I'm not sure if you'd prefer leaving this PR open as I work on this, or if you'd like this PR to be wrapped in sooner?

In my opinion, having this PR wrapped in would make it easier to get the currently-open higlass-server PR worked in (and to be able to submit a PR for the higlass bigBed-BED12 visualization piece, itself).

I can then add the aggregation feature after, as the next stage of bigBed support.

(I guess I'm asking if you folks are generally satisfied with this PR as it is now?)

pkerpedjiev commented 4 years ago

Sorry, completely lost track of this PR. I just merged it and will cut a new release once I finish replying here :-) As always, please feel free to send reminders if I don't respond to something within a day or two.

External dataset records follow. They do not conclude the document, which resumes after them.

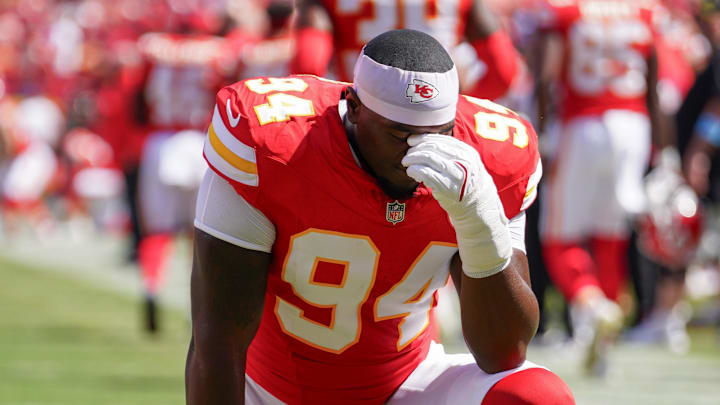 Aug 17, 2024; Kansas City, Missouri, USA; Kansas City Chiefs defensive end Malik Herring (94) kneels on field against the Detroit Lions prior to the game at GEHA Field at Arrowhead Stadium. Mandatory Credit: Denny Medley-Imagn Images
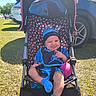 Nael joined the competition — help win amazing prizes! baby, blue_clothing, car, child, grass, happy, hat, infant, outdoor, parking_lot, people, polka_dot, seatbelt, shade, smile, socks, stroller, sunlight, toy, wheel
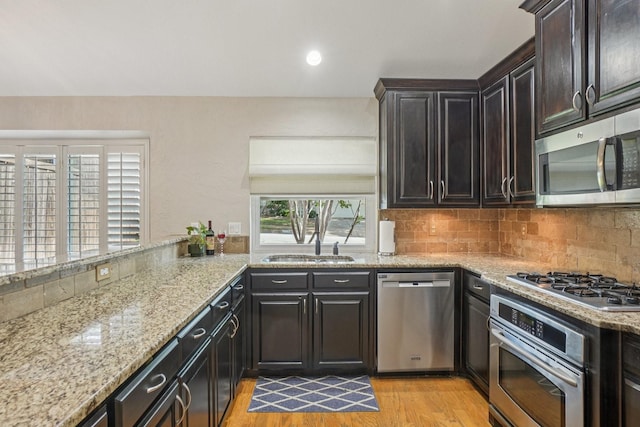 5229 Brettenmeadow Dr, Grapevine, TX 76051 - kitchen featuring appliances with stainless steel finishes, light wood-style flooring, light stone countertops, and backsplash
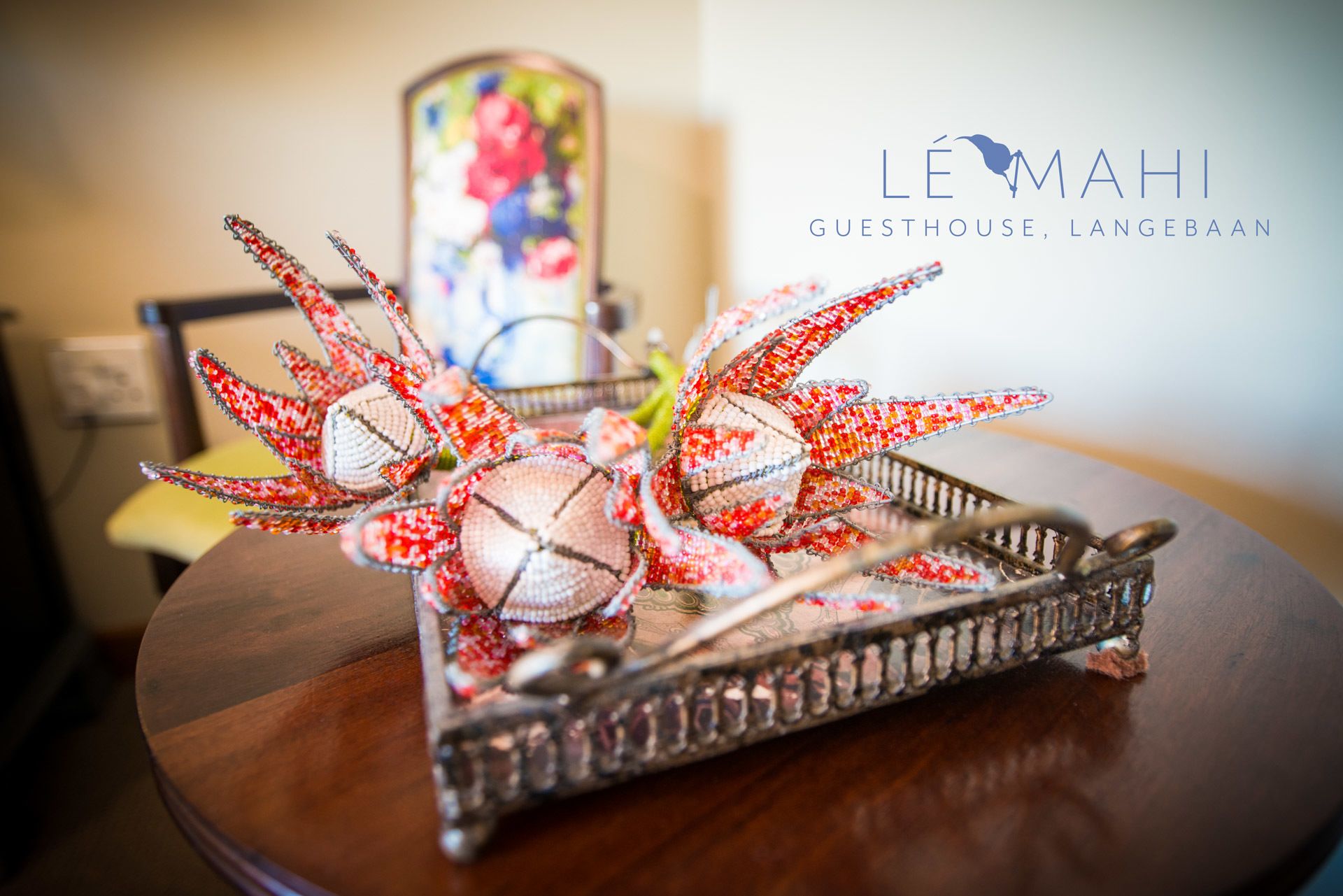 A decorative tray with a lobster centerpiece on a wooden table.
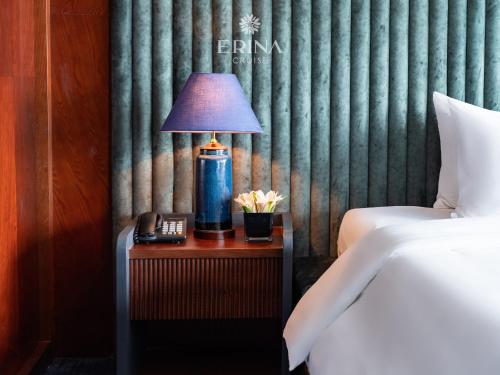 a lamp on a table next to a bed at Erina Cruise by HAG in Ha Long
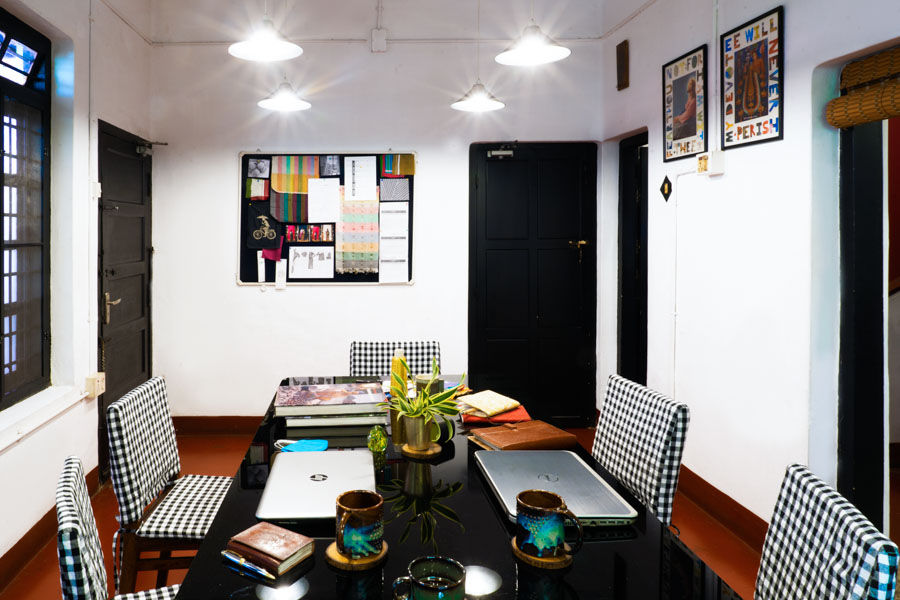An office with a black table on which there are a couple of laptops, a small planter, 3 coffee mugs and some books - Beautiful Homes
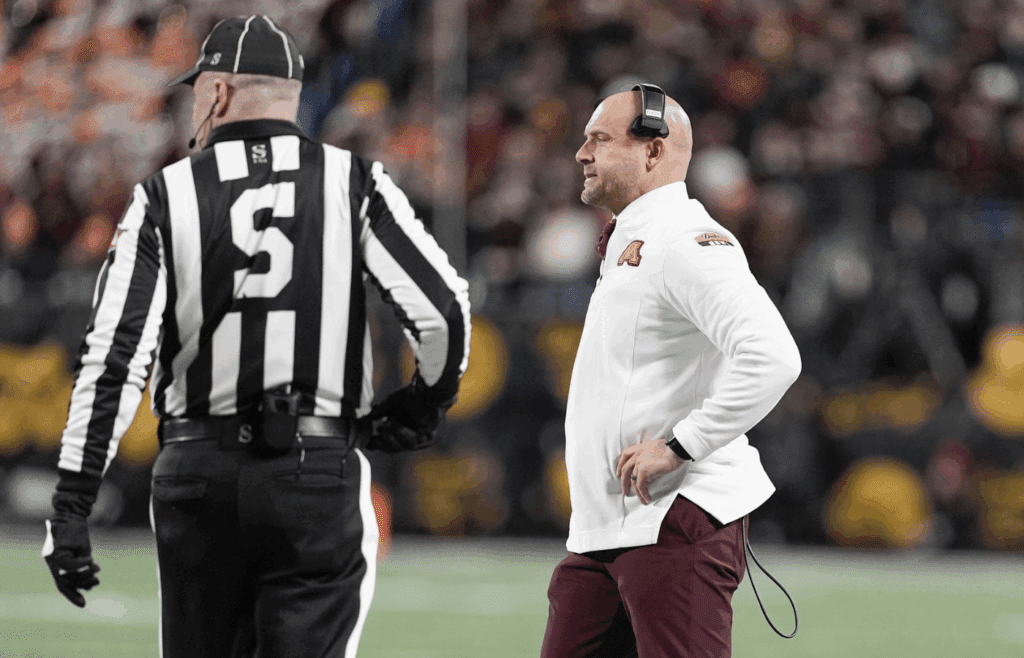 Jan 3, 2025; Charlotte, NC, USA; Minnesota Golden Gophers head coach P.J. Fleck during the first quarter against the Virginia Tech Hokies at the Dukes’ Mayo Bowl at Bank of America Stadium. Mandatory Credit: Jim Dedmon-Imagn Images
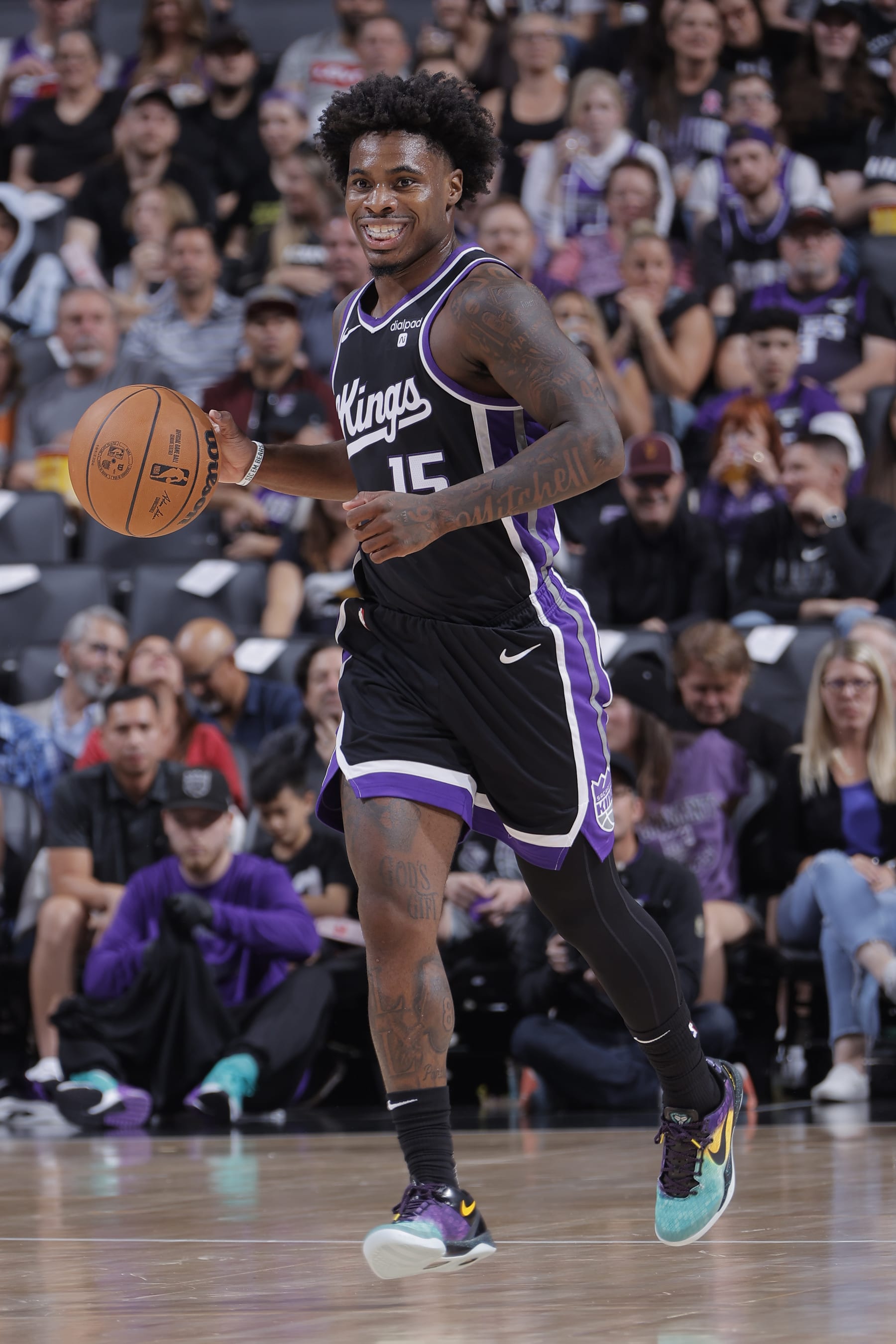 SACRAMENTO, CA - OCTOBER 19: Davion Mitchell #15 of the Sacramento Kings dribbles the ball during the game against the Utah Jazz on October 19, 2023 at Golden 1 Center in Sacramento, California. NOTE TO USER: User expressly acknowledges and agrees that, by downloading and or using this Photograph, user is consenting to the terms and conditions of the Getty Images License Agreement. Mandatory Copyright Notice: Copyright 2023 NBAE (Photo by Rocky Widner/NBAE via Getty Images)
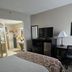 Baymont by Wyndham Janesville room with bed, TV, desk and bathroom vanity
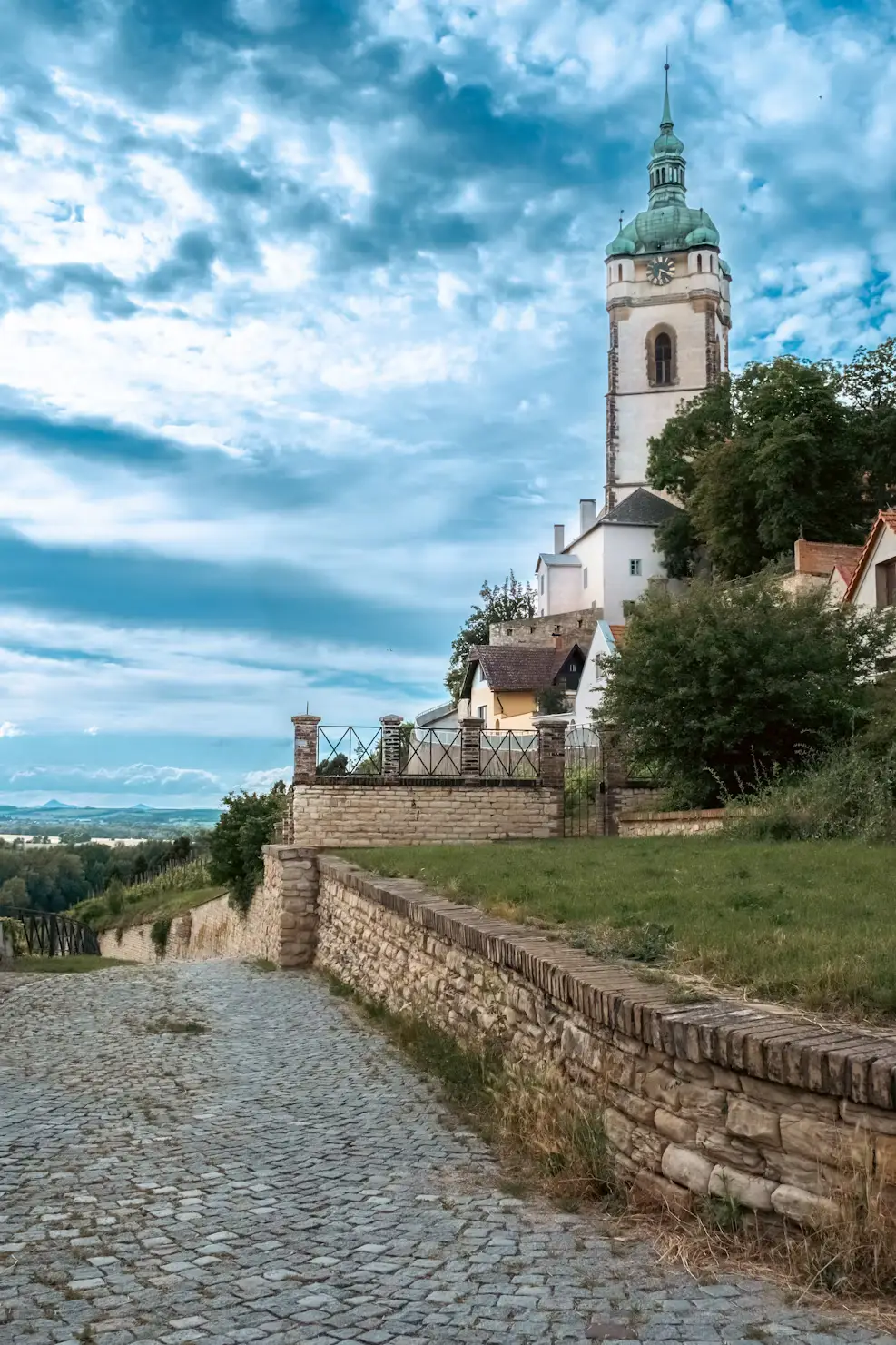 Cobblestone pathway leading to a church tower on Petřín Hill under a partly cloudy sky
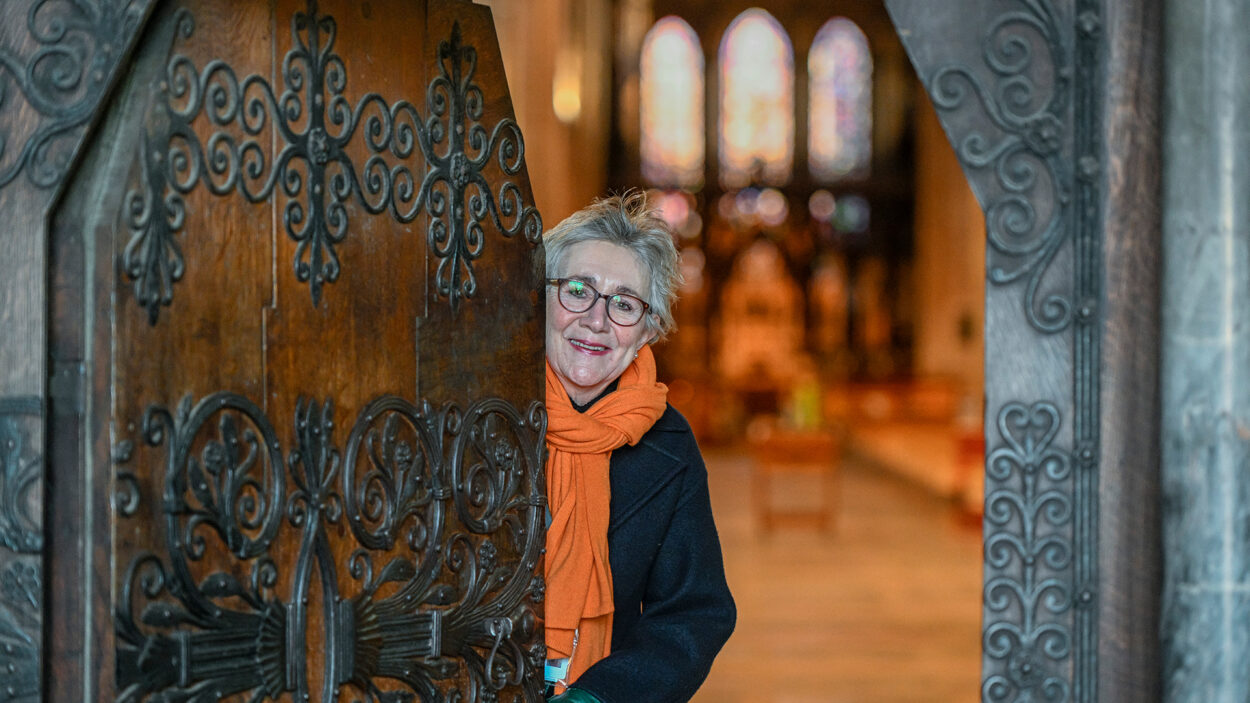 A friendly looking woman opening am ornate carved door revealing a warm cathedral interior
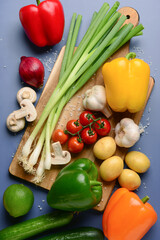 Wooden board with fresh vegetables, fruits and mushrooms on blue background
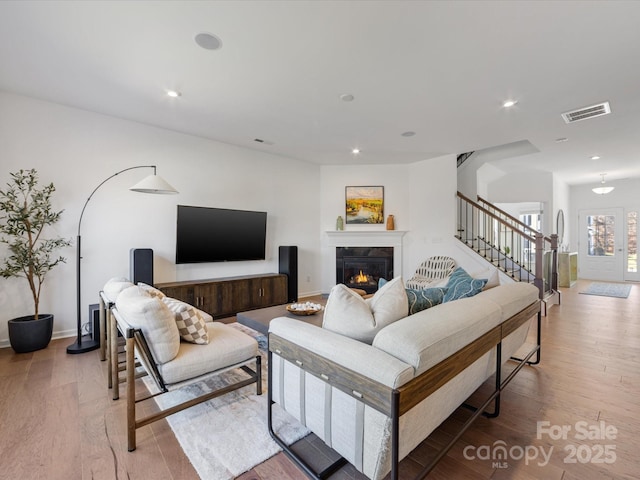 living area with a warm lit fireplace, visible vents, light wood-style flooring, stairway, and recessed lighting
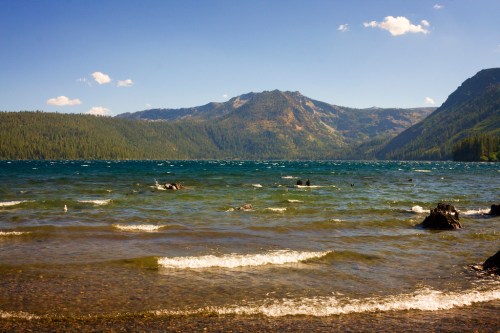 A serene lake surrounded by mountains, with gentle waves and a clear blue sky dotted with clouds.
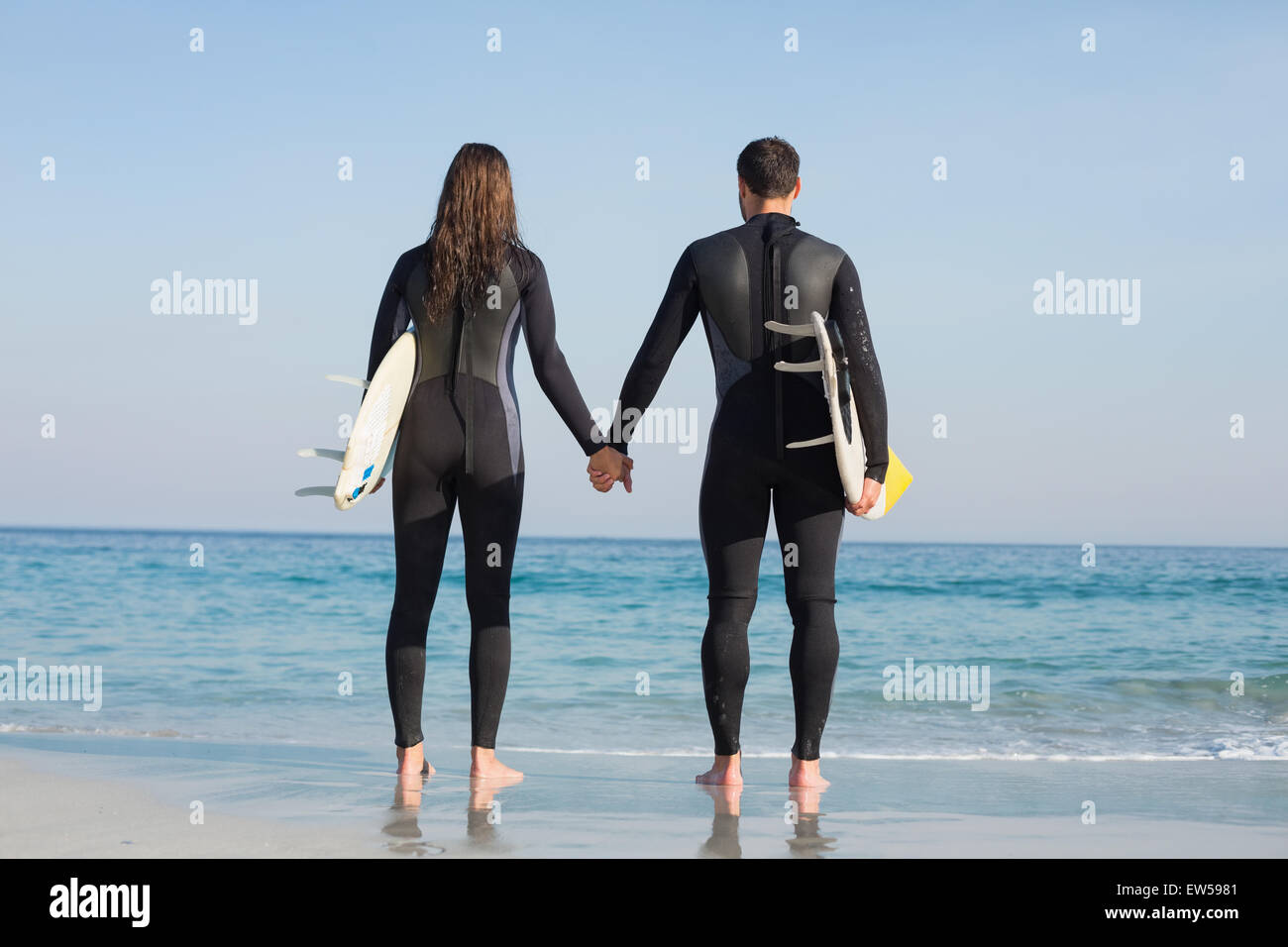 glückliches Paar in Neoprenanzüge mit Surfbrett an einem sonnigen Tag Stockfoto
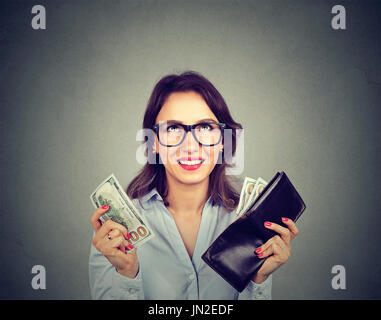 Glückliche Frau, die Geld aus der Brieftasche Stockfoto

For the other aggregation method, I was playing around with something even simpler than displaying interval density. What it does is merge intervals that are closer than some number of pixels apart visually. It's simple in concept and best demonstrated with an example:

https://observablehq.com/d/cee1a89063441de0

The logic is that the vast majority of the time you only care if there is a feature somewhere and not what the density of intervals is. This aggregation method introduces new features of type "filler" which just denote regions with features in them. So if you're zoomed way out and some features are hidden, the filler region that contains them will still be shown indicating that if you zoom in, you'll find more data.

This is already implemented for the Genbank data fetcher in higlass here: https://github.com/higlass/higlass/blob/49e52d1c77ca7fbd2a74b711f36ccbc24c7a46b3/app/scripts/data-fetchers/genbank-fetcher.js#L14

There is also a PR open to update the Gene Annotations track to support this datatype but I haven't merged it yet: https://github.com/higlass/higlass/pull/735

Take a look and let me know what you think.